A group of millionaires that support raising taxes on the rich, is endorsing dozens of moderate congressional Democrats as members of their party ramp up criticism of money in politics.
As some Democrats, including Alexandria Ocasio-Cortez and presidential candidate Sen. Elizabeth Warren, try to portray many wealthy executives as corrupting the political system, the Patriotic Millionaires are planning to back about 50 lawmakers who have supported their priorities since entering Congress last year.
The future endorsements by the group will be for lawmakers whose policies range from moderate to those who lean left on the political spectrum. Like the Democrats they are backing in this initial round, picking up the support of the group will mean the incumbents worked to pass the Millionaires economic legislative priorities.
The activist group counts more than 200 business leaders as members, including some Wall Street executives such as Keith Mestrich, who is CEO of Amalgamated Bank and serves on the Millionaires advisory board. Abigail Disney, the granddaughter of Disney co-founder Roy Disney is also a member.
Patriotic Millionaires have annual incomes of more than $1 million and sometimes assets worth over $5 million.
These wealthy executives have publicly called for an increase in the minimum wage, eliminating tax loopholes for rich individuals and corporations, and campaign finance reform. The Democrats picking up their support for the 2020 elections have voted for pieces of legislation that could make these goals a reality.
For starters, more than half a dozen House Democrats are getting nods, including Reps. Colin Allred, D-Texas, Cindy Axne, D-Iowa, TJ Cox, D-Calif., Josh Harder, D-Calif., Andy Kim, D-N.J., Katie Porter, D-Calif., and Jennifer Wexton, D-Va., according to a list first provided to CNBC.
Many of these lawmakers represent districts that are labeled toss-ups or lean Democrat by political analyst Larry Sabato. While there will be more lawmakers to see endorsements from the Patriotic Millionaires, the group has no plans to endorse a candidate for president during the primary.
However, the group of millionaires, that came together in 2010, is sticking with Democrats who have been less critical of individual wealthy Americans than Warren, or Ocasio-Cortez and three of her liberal colleagues, who have become known as "The Squad."
The group will support candidates by issuing talking points, co-signing op-eds, making media appearances and publishing supportive videos on their social media accounts, according to Executive Director Kelsea Marie Pym. Outside of their efforts for the Patriotic Millionaires, many of the members are top Democratic donors who will likely make campaign contributions or host events for the lawmakers they endorse.
Some members have expressed dismay at being vilified by some members of the Democratic Party directly to lawmakers they're backing.
"These are people who have been successful and in the conversations I've had with them, they are people who take a little bit of offense in the argument that if you are successful, you must be greedy," Rep. Sean Casten, D-Ill., said in an interview. "I'm delighted to have their endorsement." he added
Casten's district is rated "lean Democrat" by The Cook Political Report.
Still, members of the Patriotic Millionaires are mixed in their reactions to the millionaire and billionaire bashing.
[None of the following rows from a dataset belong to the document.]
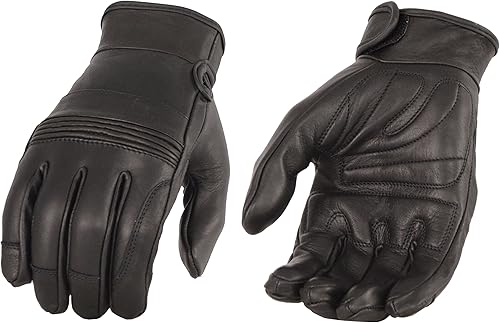 Guante de cuero de vaca para hombre con dedos flexibles palma de gel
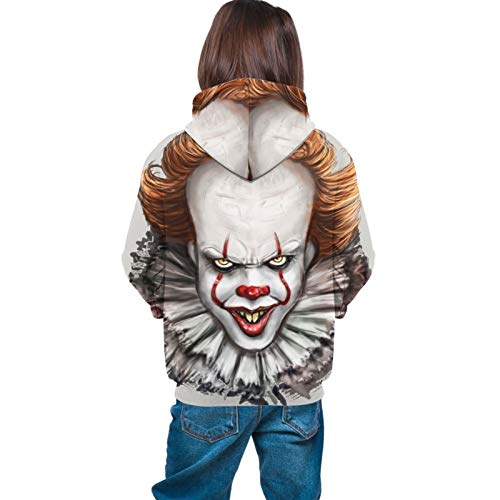 Step-Hen King's It Pen-Nywise Unisex Children Hooded Sweater, Colorful Hat Rope, Thick Sports Hoodie Black #TOP3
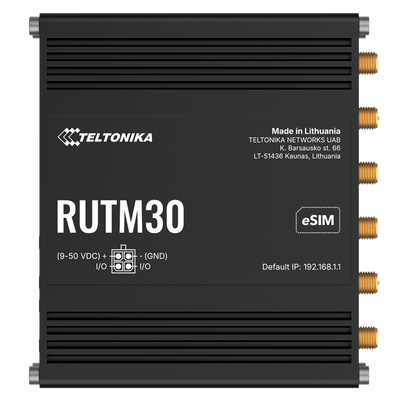 Teltonika Router 5G Industriale - 5G Sub-6Ghz SA/NSA  - Dual SIM  - Wi-Fi 5 - eSIM - 2 porte Ethernet RJ45 Gigabit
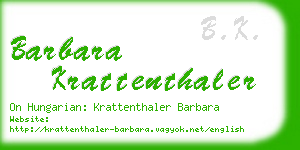 barbara krattenthaler business card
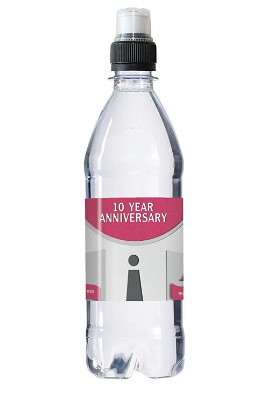 Flesje water met sportdop 500 ml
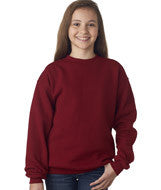18000B Gildan Heavy Blend&trade; Youth Crew Neck Sweatshirt Garnet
Morris Pearl, chairman of the group and a former managing director at BlackRock, a New York-based investment firm, says he sees the debate as less personal and more about getting money influence out of politics, something he says his organization supports.
"I honestly don't feel like anyone is trying to vilify me. I've met a lot of these people and I don't agree with what everybody says," Pearl said in an interview. "I think the vilification is that it's bad to use your wealth to gain more political power and then use political power to gain more wealth."
The group's website specifically calls for those with less income to have equal say in the political process. "Every American deserves as much political power as millionaires," it says.
There are others, however, in the organization calling for politicians to stop attacking millionaires and billionaires just because they make a lot of money and, instead, focus on policies that could curtail their influence.
"The way I think about this is to say that the rich should pay more in a higher tax, doesn't have to be an attack on rich people," said Pat Martone, a longtime attorney and a member of the group. "The people that we've been endorsing aren't attacking rich people because they're rich. There is some of that and it think that's got to stop."